During a recent project a client stated that from their clients perspective sustainability was all about cost reduction. This may appear a cynical remark but in reality few commercial organisations will invest where there isn’t a financial return. Of course the return may not be direct in terms of sales or cost savings. It may be enhanced reputation (= increased future sales) or less waste (= future cost saving) but it’s a brave CEO who commits expenditure for purely environmental protection reasons.
The global software and services company SAP recently announced its Quaterly Sustainability Update headlined “SAP Saves Millions By Becoming More Sustainable”. SAP uses its own software to monitor its environmental performance, so it has an advantage and incentive to do so. The announcement goes on to explain that ’emissions for the first quarter of 2011 rose by six percent compared with the first quarter of 2010.’ This is not good news. It is explained: ‘This can be attributed to a five percent increase in the number of employees in combination with increased air travel activities.’ Er.. that’s ok then. So as long as we track it and we know why it’s rising we continue as normal. Clearly this wouldn’t happen if the figure was related to sales or profitability!

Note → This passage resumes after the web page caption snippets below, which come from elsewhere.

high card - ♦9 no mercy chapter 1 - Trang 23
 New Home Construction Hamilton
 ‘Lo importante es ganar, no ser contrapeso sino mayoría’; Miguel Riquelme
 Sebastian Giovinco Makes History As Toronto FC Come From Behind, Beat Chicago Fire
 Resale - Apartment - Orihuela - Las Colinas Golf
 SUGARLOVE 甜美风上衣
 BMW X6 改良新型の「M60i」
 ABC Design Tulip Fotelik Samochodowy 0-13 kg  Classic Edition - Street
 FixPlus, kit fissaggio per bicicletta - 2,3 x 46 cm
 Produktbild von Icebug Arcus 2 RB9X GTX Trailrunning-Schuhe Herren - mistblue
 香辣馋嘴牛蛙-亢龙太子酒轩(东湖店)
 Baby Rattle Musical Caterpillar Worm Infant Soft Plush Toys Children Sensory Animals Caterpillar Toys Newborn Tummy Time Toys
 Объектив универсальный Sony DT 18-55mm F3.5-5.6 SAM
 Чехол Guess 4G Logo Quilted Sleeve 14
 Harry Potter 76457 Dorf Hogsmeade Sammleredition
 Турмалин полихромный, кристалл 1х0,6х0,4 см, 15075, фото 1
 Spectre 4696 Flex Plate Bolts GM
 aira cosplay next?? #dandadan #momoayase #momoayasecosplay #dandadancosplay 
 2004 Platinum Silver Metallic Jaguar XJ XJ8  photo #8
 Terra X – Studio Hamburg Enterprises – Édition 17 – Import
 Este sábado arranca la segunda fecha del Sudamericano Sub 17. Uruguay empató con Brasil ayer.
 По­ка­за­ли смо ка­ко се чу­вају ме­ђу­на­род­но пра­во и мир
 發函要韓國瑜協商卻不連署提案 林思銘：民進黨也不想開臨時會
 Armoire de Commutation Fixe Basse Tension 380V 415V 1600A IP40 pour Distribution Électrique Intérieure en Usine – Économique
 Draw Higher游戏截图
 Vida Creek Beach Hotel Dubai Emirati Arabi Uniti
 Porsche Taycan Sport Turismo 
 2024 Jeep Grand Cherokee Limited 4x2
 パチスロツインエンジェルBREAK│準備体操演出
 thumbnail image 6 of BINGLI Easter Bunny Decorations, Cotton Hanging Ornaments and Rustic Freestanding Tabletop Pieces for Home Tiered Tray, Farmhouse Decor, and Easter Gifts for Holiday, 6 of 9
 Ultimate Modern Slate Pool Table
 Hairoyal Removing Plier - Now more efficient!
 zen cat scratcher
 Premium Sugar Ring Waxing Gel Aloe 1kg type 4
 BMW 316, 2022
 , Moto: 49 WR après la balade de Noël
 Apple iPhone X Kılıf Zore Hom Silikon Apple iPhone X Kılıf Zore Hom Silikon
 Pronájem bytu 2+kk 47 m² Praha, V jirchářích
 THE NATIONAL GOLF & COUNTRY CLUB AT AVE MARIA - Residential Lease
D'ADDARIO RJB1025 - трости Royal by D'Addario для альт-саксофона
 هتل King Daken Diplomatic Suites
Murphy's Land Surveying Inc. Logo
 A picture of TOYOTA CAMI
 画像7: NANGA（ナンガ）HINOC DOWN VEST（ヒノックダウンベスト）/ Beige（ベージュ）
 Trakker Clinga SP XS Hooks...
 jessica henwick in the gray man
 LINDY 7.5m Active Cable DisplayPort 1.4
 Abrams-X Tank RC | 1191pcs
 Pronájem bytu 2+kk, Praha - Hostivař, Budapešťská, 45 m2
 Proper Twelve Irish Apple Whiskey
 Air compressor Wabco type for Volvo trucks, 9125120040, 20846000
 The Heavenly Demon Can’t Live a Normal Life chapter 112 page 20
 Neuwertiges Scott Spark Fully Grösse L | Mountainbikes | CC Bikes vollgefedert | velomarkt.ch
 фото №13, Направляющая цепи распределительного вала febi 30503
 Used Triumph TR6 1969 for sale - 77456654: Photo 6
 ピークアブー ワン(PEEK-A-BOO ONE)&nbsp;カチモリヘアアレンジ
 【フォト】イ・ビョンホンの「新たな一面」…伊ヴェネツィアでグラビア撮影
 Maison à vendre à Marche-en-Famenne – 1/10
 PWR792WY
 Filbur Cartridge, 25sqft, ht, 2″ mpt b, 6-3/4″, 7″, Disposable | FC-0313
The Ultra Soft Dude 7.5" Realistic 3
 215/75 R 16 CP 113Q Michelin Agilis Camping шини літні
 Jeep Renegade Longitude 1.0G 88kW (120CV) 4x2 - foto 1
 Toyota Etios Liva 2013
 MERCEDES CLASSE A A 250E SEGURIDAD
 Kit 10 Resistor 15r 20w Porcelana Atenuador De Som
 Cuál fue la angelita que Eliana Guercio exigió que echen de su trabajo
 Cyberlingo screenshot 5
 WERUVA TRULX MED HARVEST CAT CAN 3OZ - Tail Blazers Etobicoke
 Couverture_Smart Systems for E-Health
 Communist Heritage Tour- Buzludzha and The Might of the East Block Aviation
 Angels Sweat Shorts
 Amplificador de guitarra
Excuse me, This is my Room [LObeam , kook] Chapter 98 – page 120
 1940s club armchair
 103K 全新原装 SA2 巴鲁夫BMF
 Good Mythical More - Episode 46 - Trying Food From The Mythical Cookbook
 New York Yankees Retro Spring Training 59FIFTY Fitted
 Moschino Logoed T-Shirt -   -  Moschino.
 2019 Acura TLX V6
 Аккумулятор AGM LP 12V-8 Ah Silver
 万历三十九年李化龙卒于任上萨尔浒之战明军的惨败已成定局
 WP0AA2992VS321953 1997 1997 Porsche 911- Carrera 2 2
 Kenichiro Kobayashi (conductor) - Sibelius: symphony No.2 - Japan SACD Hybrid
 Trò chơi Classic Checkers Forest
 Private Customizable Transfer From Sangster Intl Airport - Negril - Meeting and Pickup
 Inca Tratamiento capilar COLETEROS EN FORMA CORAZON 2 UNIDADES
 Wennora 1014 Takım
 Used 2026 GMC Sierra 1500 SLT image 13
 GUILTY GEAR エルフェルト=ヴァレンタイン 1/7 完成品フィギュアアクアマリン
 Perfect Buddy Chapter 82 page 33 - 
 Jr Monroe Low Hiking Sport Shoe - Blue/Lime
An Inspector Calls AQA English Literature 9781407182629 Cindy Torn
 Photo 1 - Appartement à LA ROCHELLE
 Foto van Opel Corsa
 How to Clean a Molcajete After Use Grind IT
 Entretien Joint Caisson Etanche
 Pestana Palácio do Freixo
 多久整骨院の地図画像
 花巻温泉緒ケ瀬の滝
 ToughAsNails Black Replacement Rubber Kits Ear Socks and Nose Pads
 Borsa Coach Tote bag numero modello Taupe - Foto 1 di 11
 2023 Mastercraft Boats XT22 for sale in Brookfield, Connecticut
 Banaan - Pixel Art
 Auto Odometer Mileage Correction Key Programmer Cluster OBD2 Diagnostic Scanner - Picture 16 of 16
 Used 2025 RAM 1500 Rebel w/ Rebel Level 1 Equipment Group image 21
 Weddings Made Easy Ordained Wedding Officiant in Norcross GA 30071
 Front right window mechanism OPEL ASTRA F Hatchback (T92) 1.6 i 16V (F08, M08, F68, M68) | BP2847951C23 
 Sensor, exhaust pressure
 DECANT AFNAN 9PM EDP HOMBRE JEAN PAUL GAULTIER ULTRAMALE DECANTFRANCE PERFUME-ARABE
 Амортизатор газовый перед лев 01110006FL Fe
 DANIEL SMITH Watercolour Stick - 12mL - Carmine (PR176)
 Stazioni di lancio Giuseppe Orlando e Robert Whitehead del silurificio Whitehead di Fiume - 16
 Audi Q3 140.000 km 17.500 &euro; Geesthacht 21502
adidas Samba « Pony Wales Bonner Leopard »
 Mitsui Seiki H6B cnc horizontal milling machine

The announcement finishes by stating that ‘Despite the six percent year-over-year quarterly increase, the company is still on track to meet its year-end emissions target of 465 kilotonnes (not including Sybase) – in line with its long-term strategy to reduce GHG emissions to year-2000 levels by 2020.’ I’m not trying to knock SAP, I am sure this is relatively good corporate practice and am just using it as an example but we’re going to have to be more radical than returning to 2000 if we are to make a real impact in reducing emissions.
And letting ourselves slip in one quarter, for no good reason, is not going to help.